From IRC conversation with Gabriel just now -- the patch might be technically fine, but it appears to be inconsistent with general nested list behaviour, and Gabriel it makes more sense to treat ; bla : blub as a unit. So the patch needs more discussion on https://lists.wikimedia.org/mailman/listinfo/wikitext-l . It could be that this patch is obviated by the new parser being developed ( https://www.mediawiki.org/wiki/Future ).
Adding the newparser keyword so we keep this issue in mind for it.
Additional information from http://lists.wikimedia.org/pipermail/wikitext-l/2011-November/000483.html. Nested definition lists are rare enough to allow us to decide on a new standard without breaking too many pages:
> Can we deconstruct the current parser's processing steps and build a set
> of rules that must be followed?
I think the commonly-used structures are quite clearly defined, but the
behaviour of these strange permutations is quite unspecified. The parser
output for the case reported in the bug already changed in the meantime..
> I think we need to get a dump of English Wikipedia and start using a
> simple PEG parser to scan through it looking for patterns and figuring
> out how often certain things are used - if ever.

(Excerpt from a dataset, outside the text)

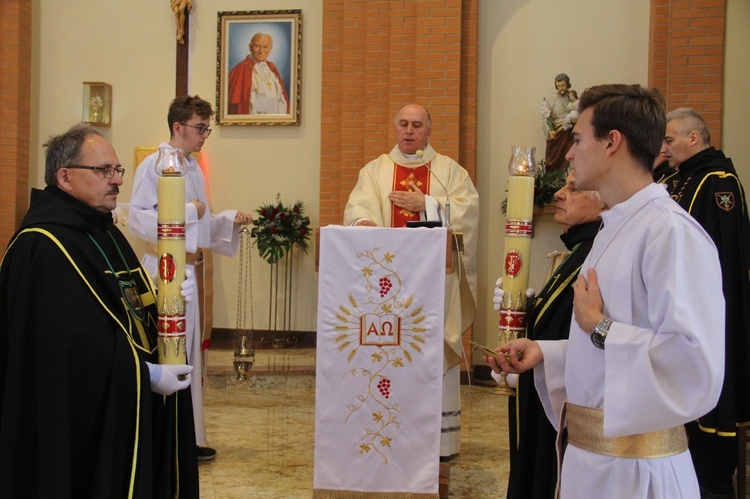 Chorągiew Rycerzy św. Jana Pawła II w Nowym Sączu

I just ran an en-wiki article dump through a zcat/tee/grep pipeline:
pattern count example
^ 548498738 (total number of lines)
^;[^:]+: 153997 ; bla : blub
^[;:*#]+;[^:]+: 3817 *; bla : blub
^[:;*#]*;[^:]*:: 41 most probably ;::
^[;:*#]*;[^:]+:: 17 ;; bla :: blub
Nested definition lists are not exactly common. Lines starting with ';;'
often appear as comments in code listings. The most common other
application appears to be indentation and emphasis. Any change in the
produced structure that keeps indentation and bolding should thus avoid
(In reply to comment #7)
Dan, I'm marking this patch reviewed per Gabriel's comments; it would be great if you could reply, revise, and resubmit. Thanks!
*** Bug 11894 has been marked as a duplicate of this bug. ***
We added several parser tests documenting Parsoid's behavior in parserTests.txt, but disabled them for the PHP parser for now. Please test the patch against those. The expected output might need whitespace adjustment to match the PHP parser output. The Parsoid parser test runner renormalizes whitespace, so should still pass after those changes.